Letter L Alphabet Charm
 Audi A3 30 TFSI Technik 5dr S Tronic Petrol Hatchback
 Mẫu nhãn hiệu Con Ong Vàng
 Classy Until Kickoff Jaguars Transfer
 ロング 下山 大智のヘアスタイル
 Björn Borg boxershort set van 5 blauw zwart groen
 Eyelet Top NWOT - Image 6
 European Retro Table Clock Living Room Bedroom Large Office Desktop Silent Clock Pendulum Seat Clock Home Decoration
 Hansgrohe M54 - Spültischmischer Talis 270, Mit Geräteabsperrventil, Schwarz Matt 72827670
***
Task directions: Repeat the lines above, from the one containing "Mẫu nhãn hiệu Con Ong Vàng" to the final line, word for word and with nothing else.

Result of this exercise:
 Mẫu nhãn hiệu Con Ong Vàng
 Classy Until Kickoff Jaguars Transfer
 ロング 下山 大智のヘアスタイル
 Björn Borg boxershort set van 5 blauw zwart groen
 Eyelet Top NWOT - Image 6
 European Retro Table Clock Living Room Bedroom Large Office Desktop Silent Clock Pendulum Seat Clock Home Decoration
 Hansgrohe M54 - Spültischmischer Talis 270, Mit Geräteabsperrventil, Schwarz Matt 72827670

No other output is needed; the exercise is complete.